Cette difficulté s’est présentée en Prusse comme ailleurs, et on l’a évidemment éludée en multipliant d’une façon assez arbitraire les exemptions, les ajournemens, les non-valeurs. En 1862 par exemple, sur 1,000 jeunes gens examinés, on en a laissé de côté 124 absens avec ou sans permission. Une trentaine dont les infirmités étaient visibles ont été immédiatement congédiés ; 82, supposés de constitution faible, ont été classés immédiatement dans la réserve. Pour 373 autres, la décision a été ajournée à un an après une seconde visite. 26 ont été admis à l’engagement volontaire d’un an, au lieu de deux, à charge de fournir leur équipement. Bref, 116 conscrits ont été déclarés aptes au service, et sur ce nombre 105 seulement ont été versés tout de suite dans les corps de l’armée soldée. Ces renseignemens sur la prétendue universalité du service prussien ont une portée politique qui paraît avoir échappé jusqu’ici à l’attention du public.

En ce qui concerne la France, le point sur lequel il faut d’abord s’entendre est celui de l’apprentissage militaire. Combien faut-il de temps pour former un cavalier, un fantassin, un artilleur ? Si vous rassemblez en comité des illustrations guerrières, elles vous répondront comme si le soldat était un virtuose ne devant arriver que par une longue pratique aux finesses de son art. Transportez-vous dans un pays où chacun prend sa part de responsabilité dans les affaires publiques, où existe le droit de réunion, où le port des armes n’est pas interdit aux particuliers, on vous dira qu’il faut deux mois pour faire du citoyen un soldat. En Suisse par exemple, la règle exige 28 jours pour former les recrues au maniement du fusil, et 4 jours de grand exercice pendant les années suivantes, en tout 52 jours pour toute la durée du service dans l’élite, c’est le nom donné à l’armée active : cela paraît un peu court, il faut l’avouer, et cependant trouverait-on un général des grandes armées permanentes qui se chargeât d’envahir la Suisse à nombre égal d’hommes ?

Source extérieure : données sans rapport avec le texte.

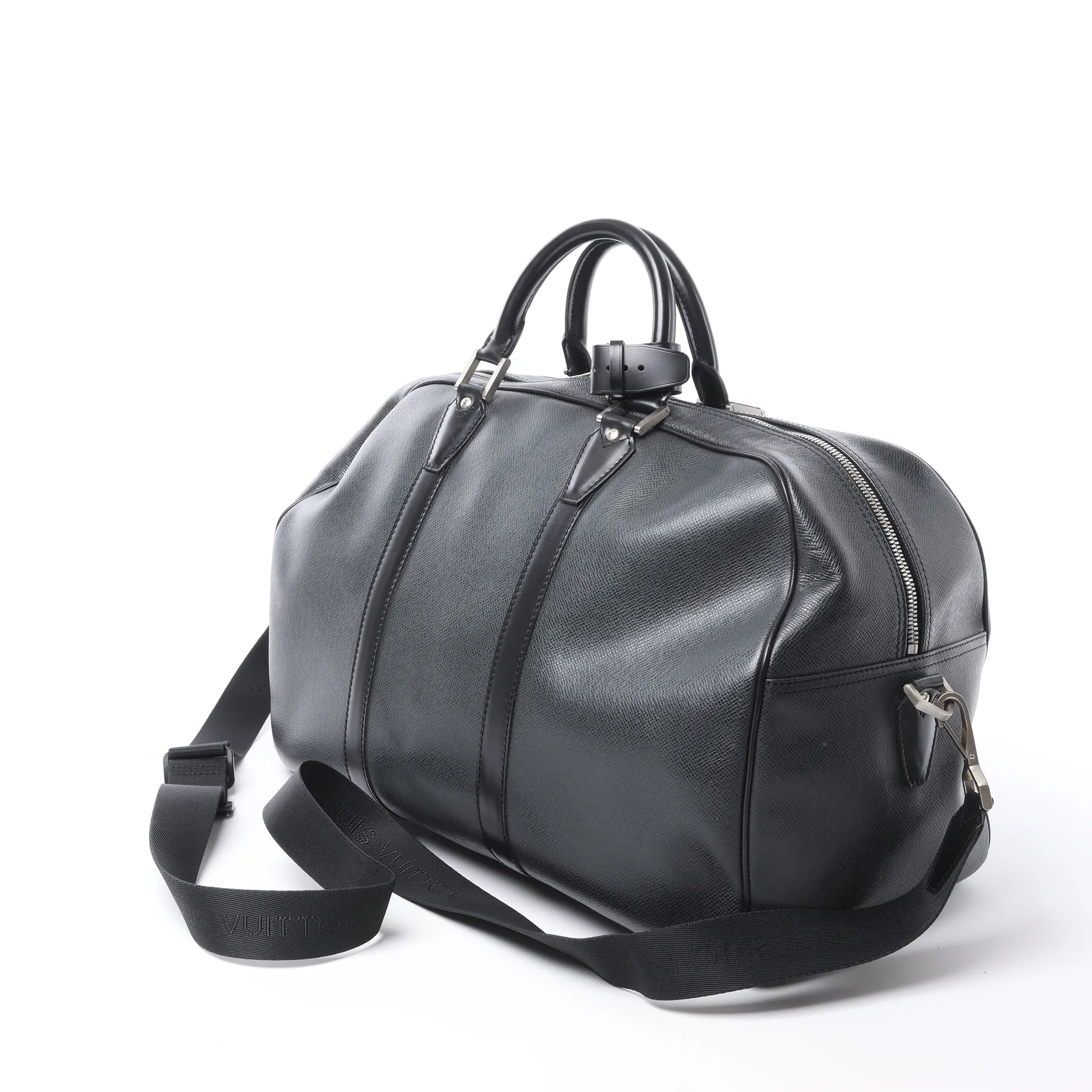 Louis Vuitton Kendall PM Taiga Leather Travel bag in Black M30122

La vérité est que les aptitudes militaires se développent au sein des peuples dans un certain rapport avec le milieu politique et la destination des armées. Dans les pays organisés seulement pour la défense, où l’on ne s’émeut que pour des intérêts évidens et généralement sentis, on peut abréger l’apprentissage des armes : chacun sait ce qu’il ferait au besoin, et ce que son voisin ferait comme lui. Cette confiance réciproque suffit à la sécurité commune.